> _Your objective_: Once you find the line below that has "为什么Uber宣布从Postgres切换到MySQL?", output it and every line after it exactly, stopping after the line that has "Педагогический совет", with no pictures.
──────── Provided information ────────
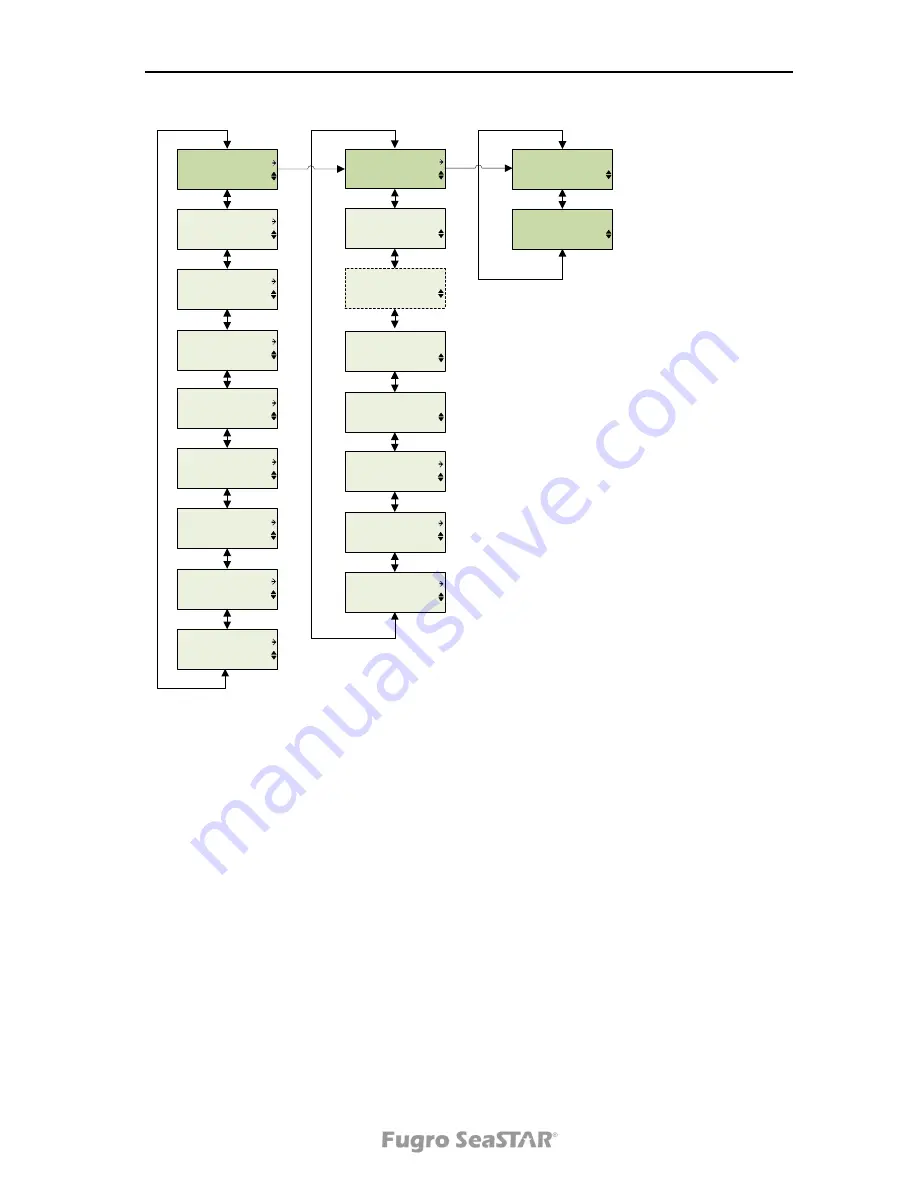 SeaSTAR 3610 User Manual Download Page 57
────────
──────── Provided information ────────
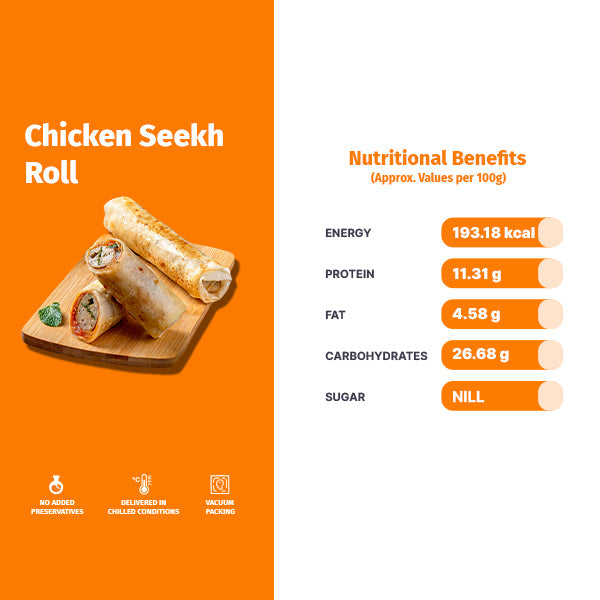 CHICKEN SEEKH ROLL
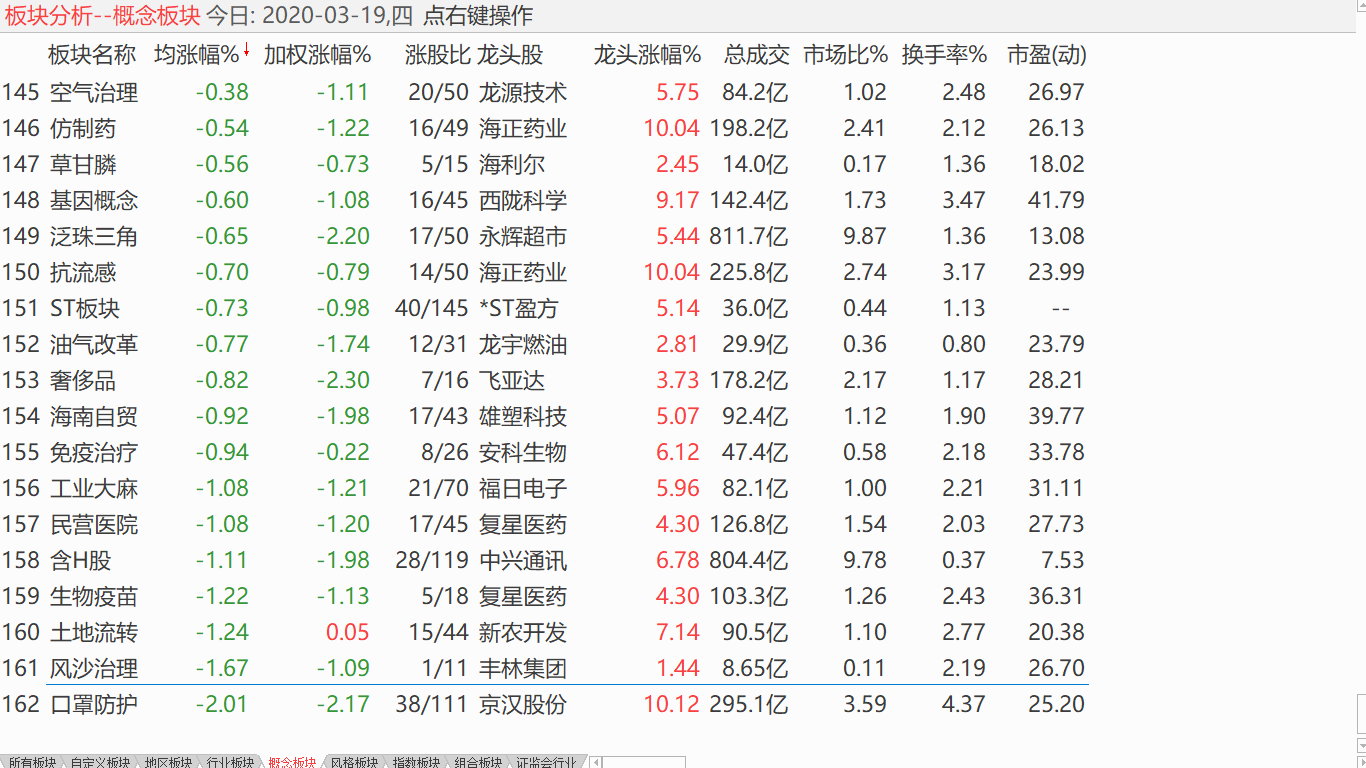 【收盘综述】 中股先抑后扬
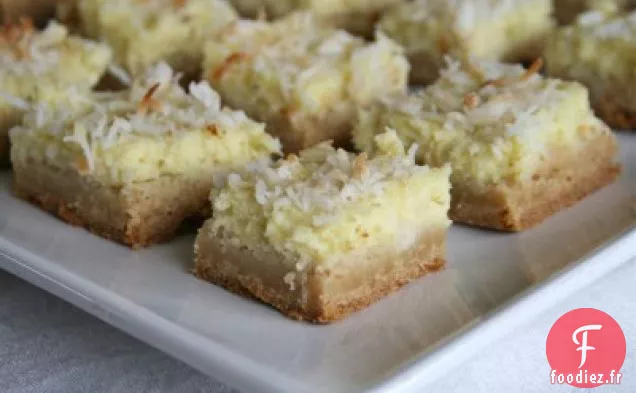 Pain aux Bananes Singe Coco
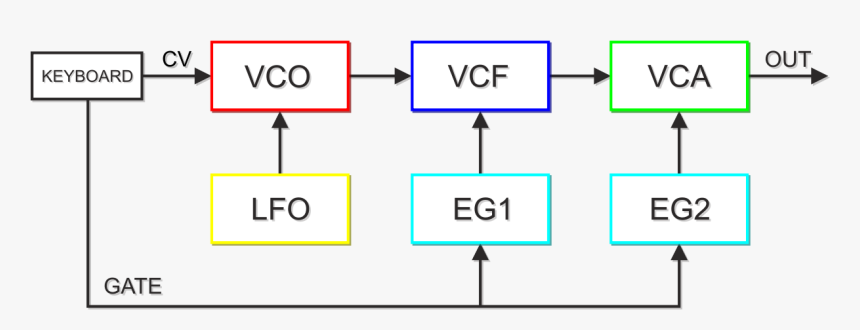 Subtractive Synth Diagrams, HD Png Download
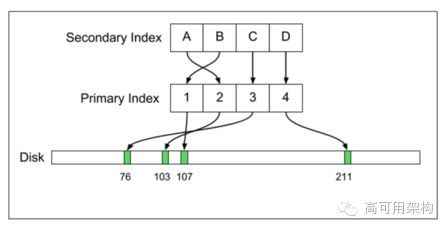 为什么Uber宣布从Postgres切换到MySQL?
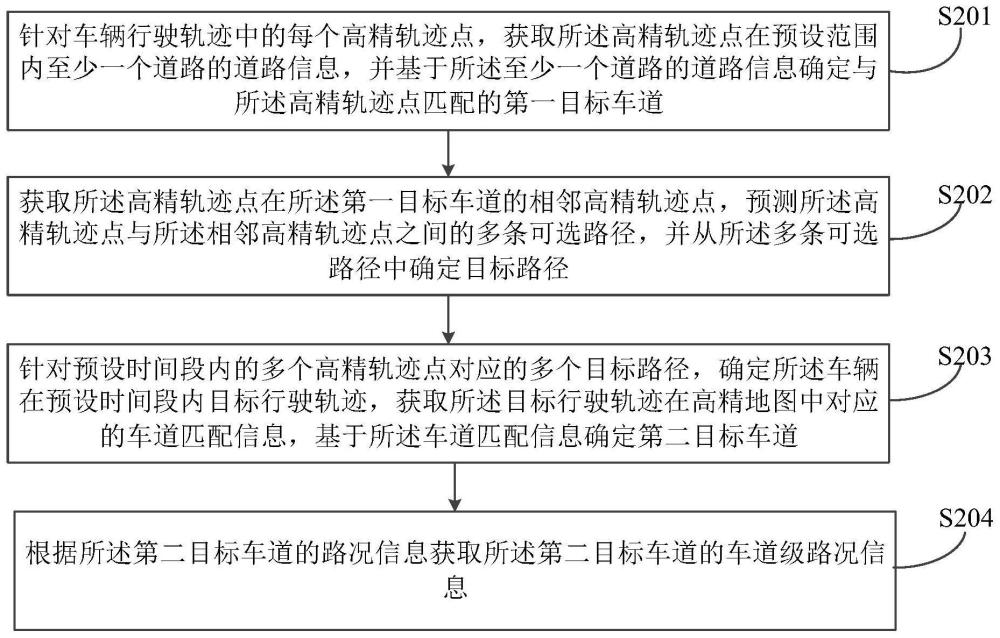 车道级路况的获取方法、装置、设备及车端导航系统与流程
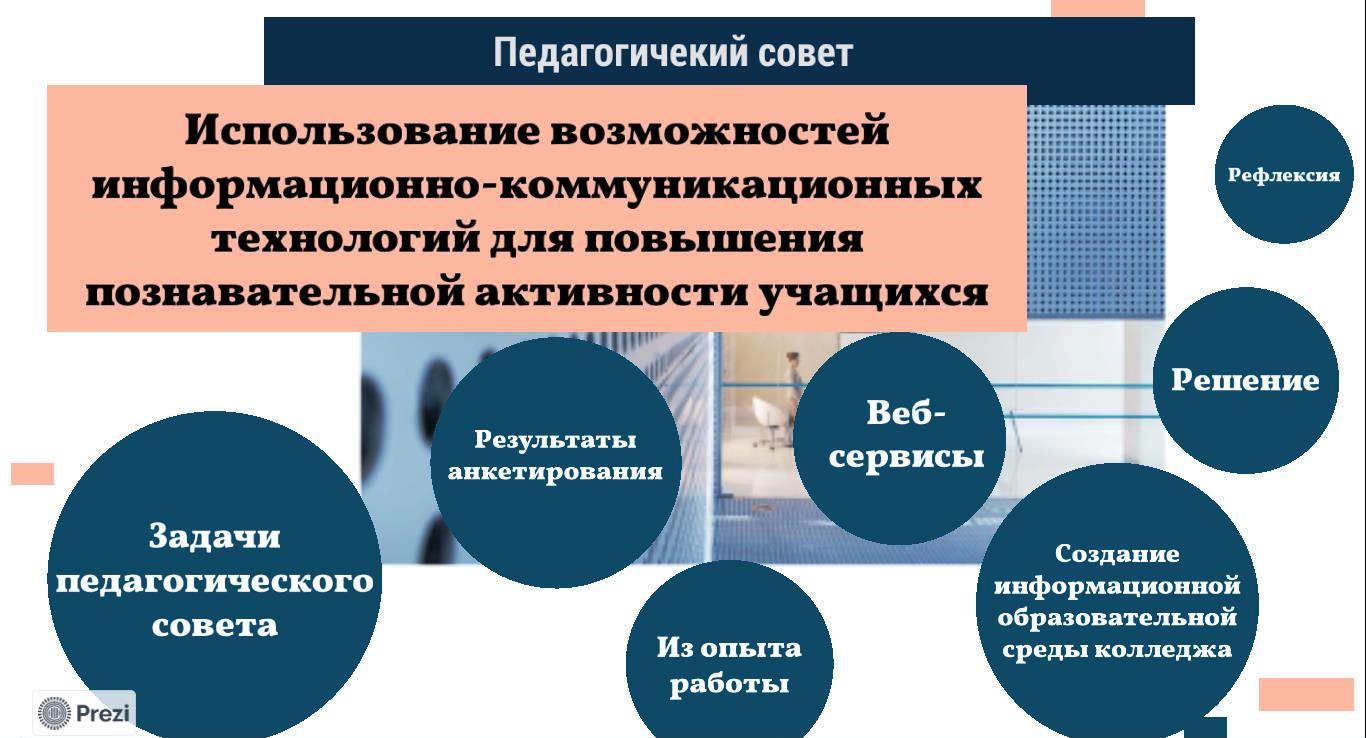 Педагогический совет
────────
> _Answer to this task_:
 为什么Uber宣布从Postgres切换到MySQL?
 车道级路况的获取方法、装置、设备及车端导航系统与流程
 Педагогический совет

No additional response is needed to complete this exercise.